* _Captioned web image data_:
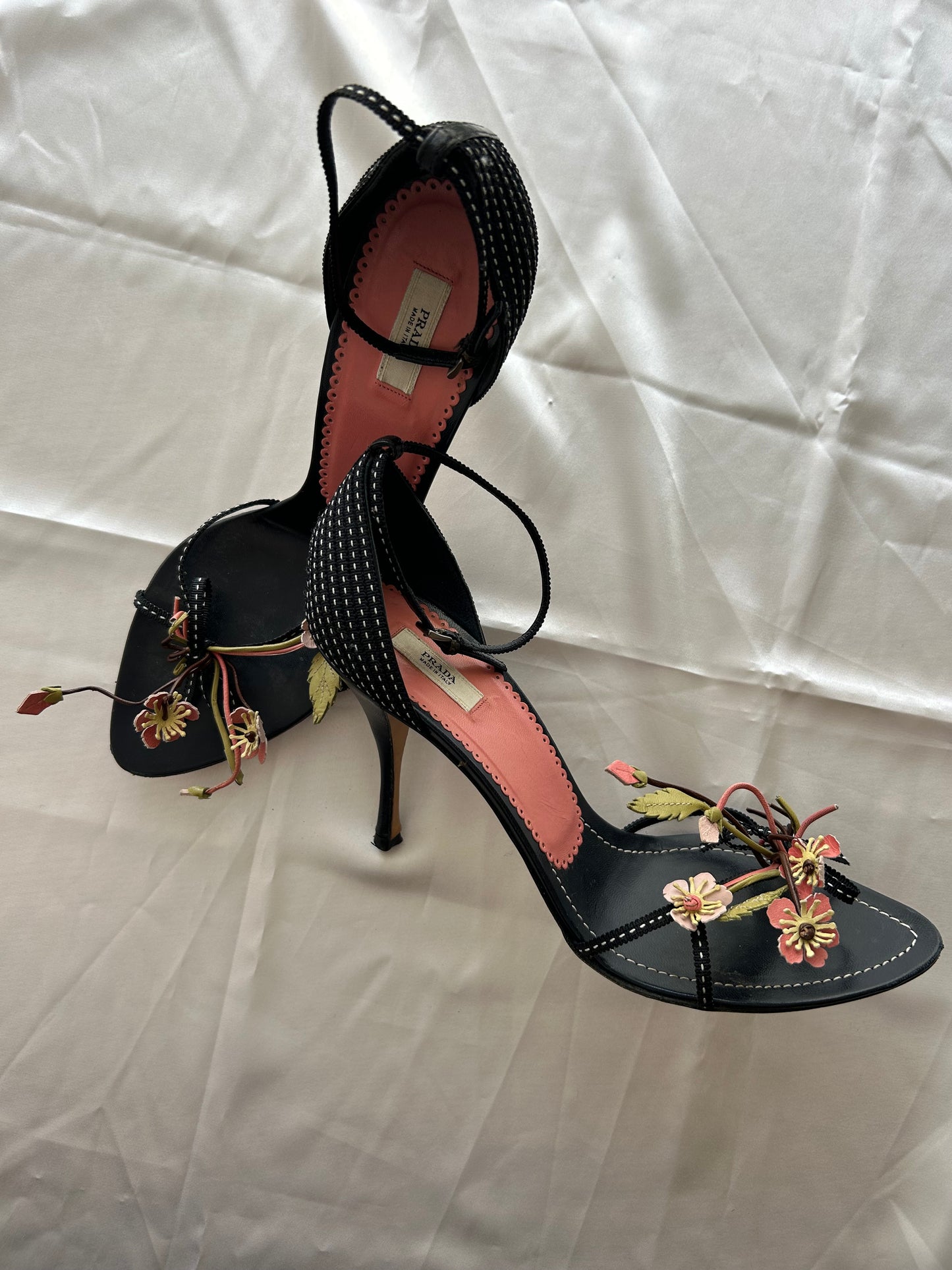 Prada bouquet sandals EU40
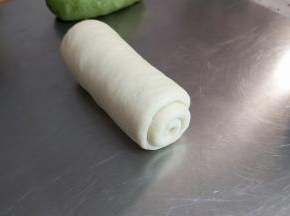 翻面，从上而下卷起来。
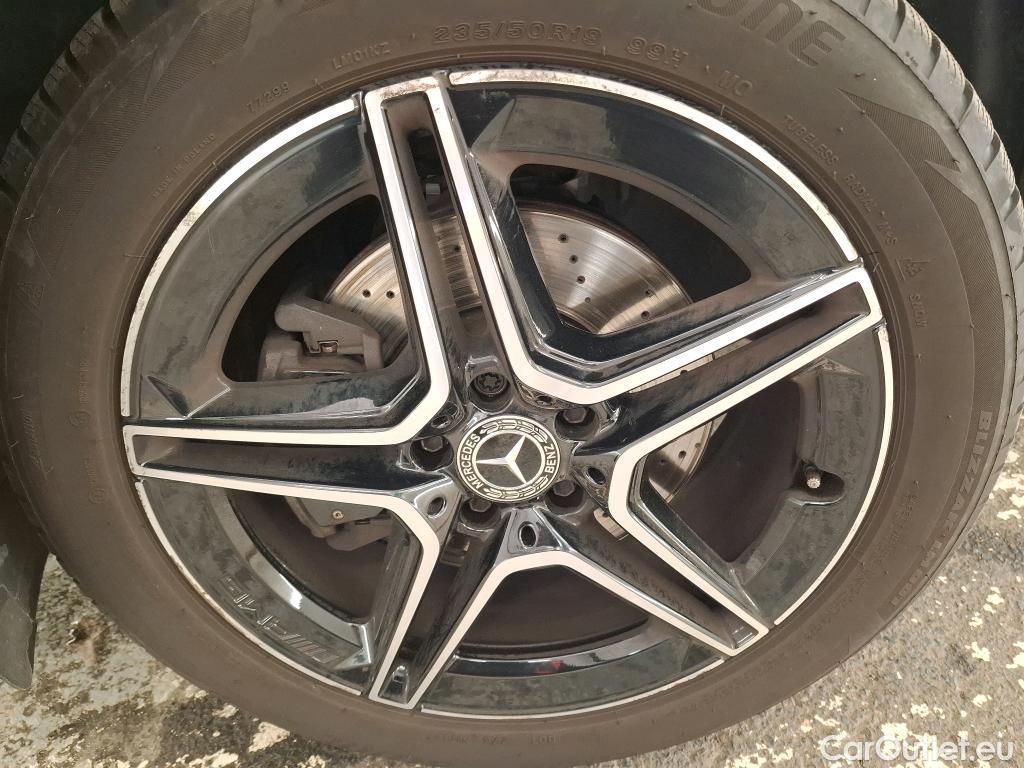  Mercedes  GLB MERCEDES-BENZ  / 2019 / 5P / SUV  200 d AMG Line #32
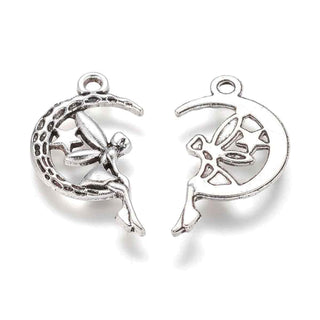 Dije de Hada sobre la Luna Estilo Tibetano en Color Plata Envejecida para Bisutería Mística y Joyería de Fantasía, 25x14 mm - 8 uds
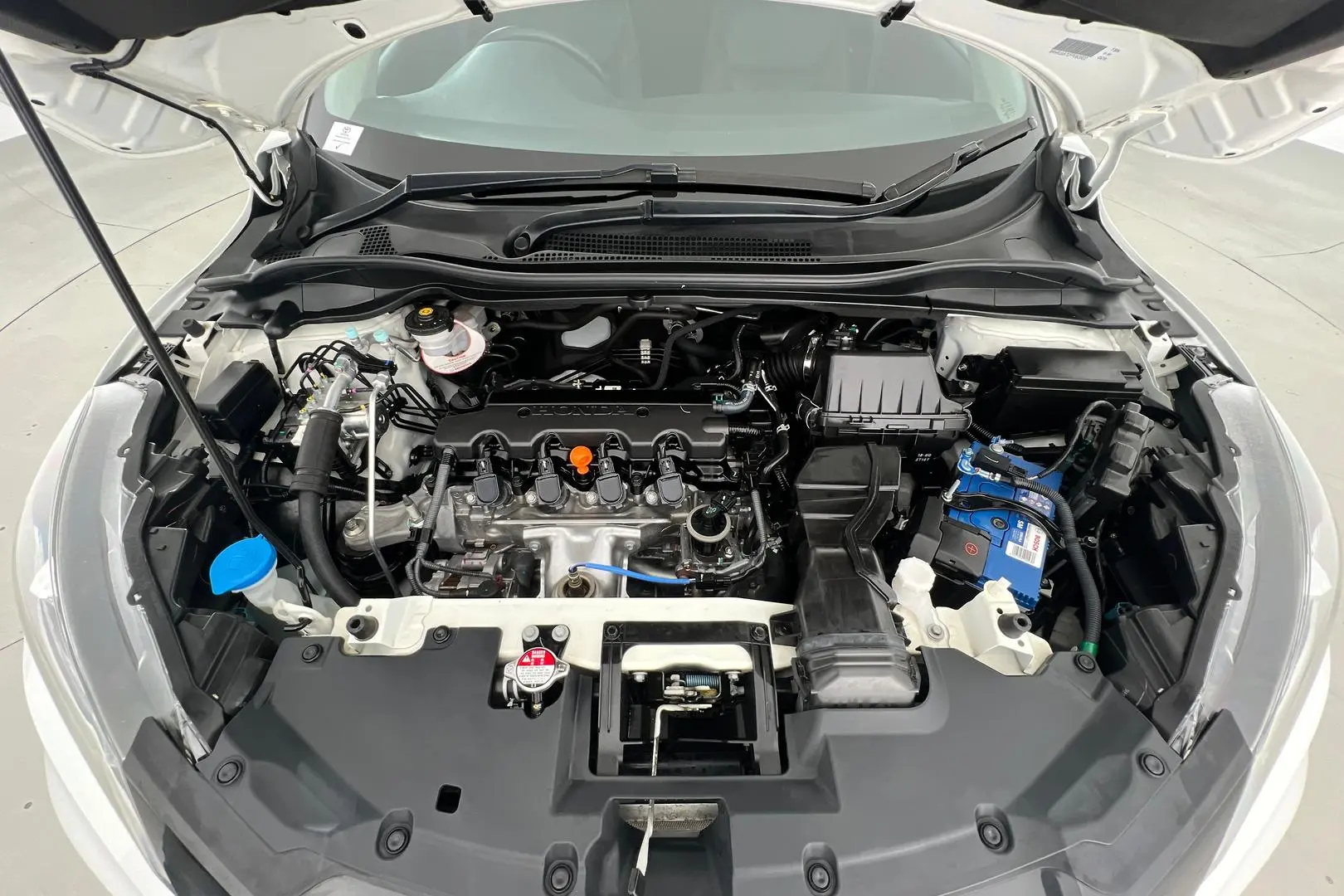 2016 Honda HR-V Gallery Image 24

* _Try it_: The answer should contain only the lines from the start of the records above through the line with "Dije de Hada", copied exactly, and no pictures.

* _Response to this exercise_:
 Prada bouquet sandals EU40
 翻面，从上而下卷起来。
  Mercedes  GLB MERCEDES-BENZ  / 2019 / 5P / SUV  200 d AMG Line #32
 Dije de Hada sobre la Luna Estilo Tibetano en Color Plata Envejecida para Bisutería Mística y Joyería de Fantasía, 25x14 mm - 8 uds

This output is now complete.